Below are some records. Retype exactly the lines from the one containing "Buy stock photo" through the one containing "a bathroom with", both included, skipping every picture.

## INPUT FOR THIS TASK
----------------------------------------
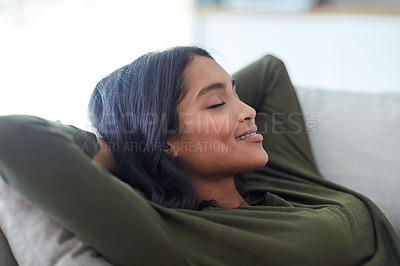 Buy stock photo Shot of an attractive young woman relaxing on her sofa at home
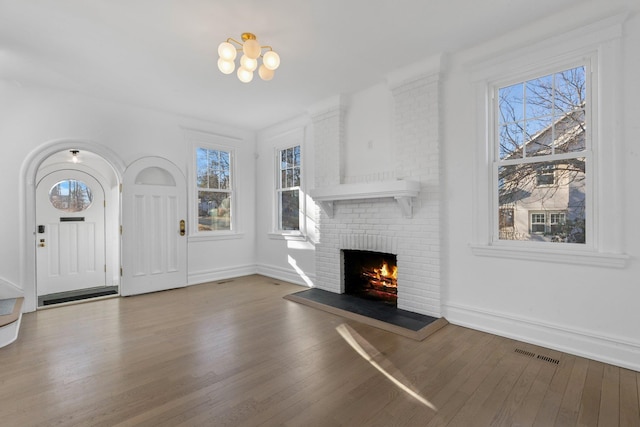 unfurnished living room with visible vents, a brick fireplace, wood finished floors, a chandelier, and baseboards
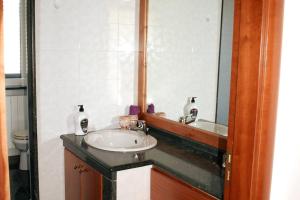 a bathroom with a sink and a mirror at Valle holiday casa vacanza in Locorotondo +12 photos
----------------------------------------
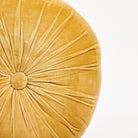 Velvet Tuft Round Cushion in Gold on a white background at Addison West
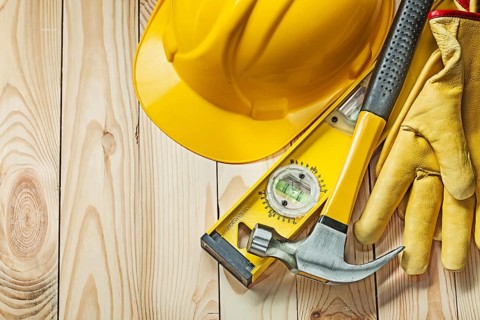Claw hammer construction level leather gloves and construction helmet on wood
----------------------------------------
## WRITTEN ANSWER
 Buy stock photo Shot of an attractive young woman relaxing on her sofa at home
 unfurnished living room with visible vents, a brick fireplace, wood finished floors, a chandelier, and baseboards
 a bathroom with a sink and a mirror at Valle holiday casa vacanza in Locorotondo +12 photos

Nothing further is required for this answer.